─── Data ───
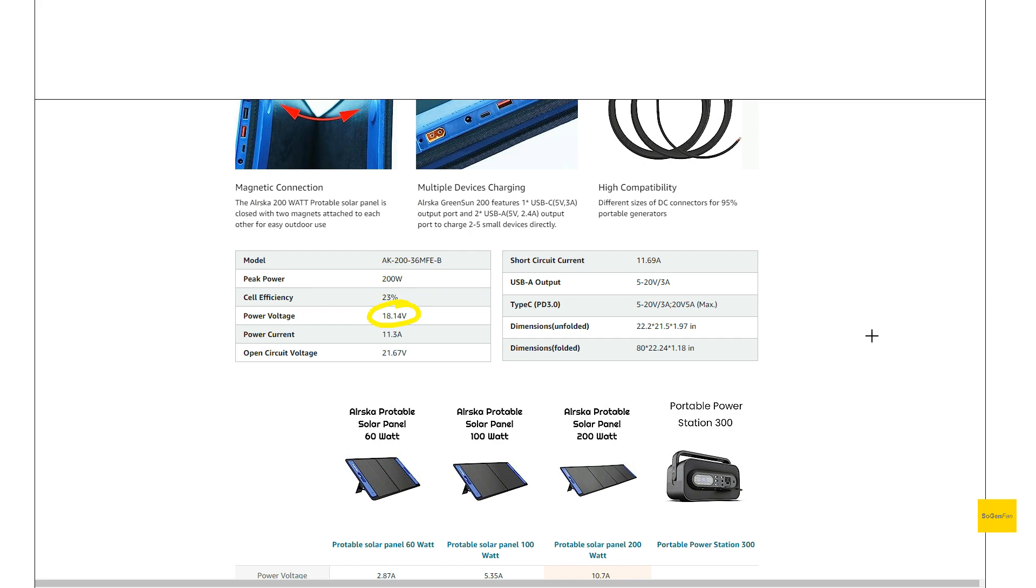So if you can have just a little bit higher voltage, you're going to get basically a little bit more watts out of it.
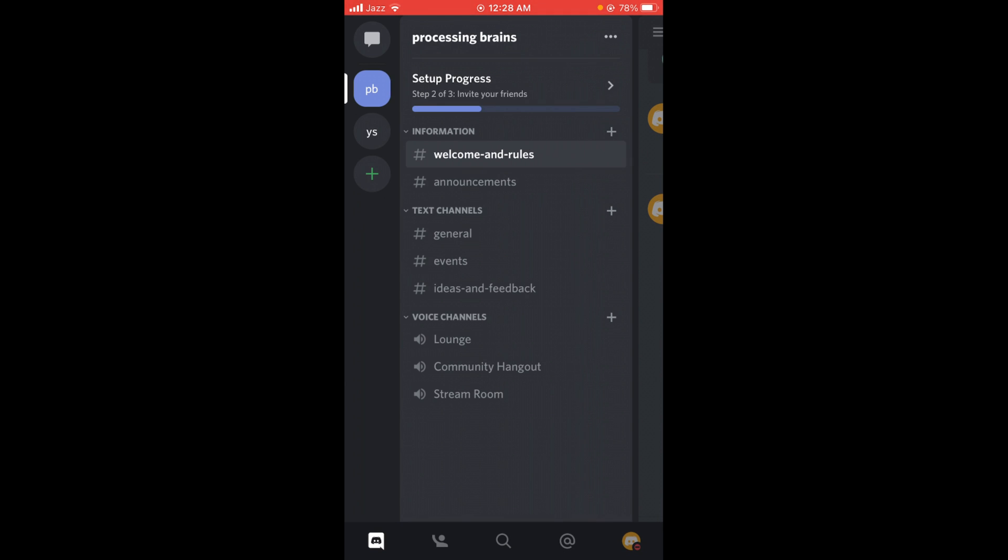Tap on this mini profile icon located on the right bottom corner of your screen, the orange color icon.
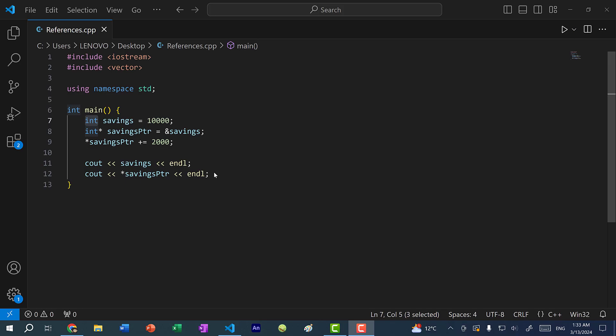Hey there, hope you're having a wonderful day. In this video, we're going to go over references in C++.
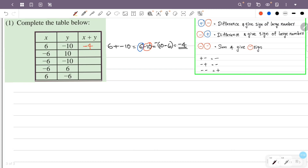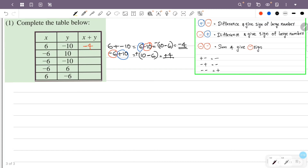So x is minus 6, y is plus 10. x plus y is minus 6 plus 10. You have a positive number and a negative number. We will sign the number. 10 minus 6 is 4. So the answer is plus 4.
───
Set down the material above word for word and skip its pictures.

→ **Exercise solution**
So if you can have just a little bit higher voltage, you're going to get basically a little bit more watts out of it.
Tap on this mini profile icon located on the right bottom corner of your screen, the orange color icon.
Hey there, hope you're having a wonderful day. In this video, we're going to go over references in C++.
So x is minus 6, y is plus 10. x plus y is minus 6 plus 10. You have a positive number and a negative number. We will sign the number. 10 minus 6 is 4. So the answer is plus 4.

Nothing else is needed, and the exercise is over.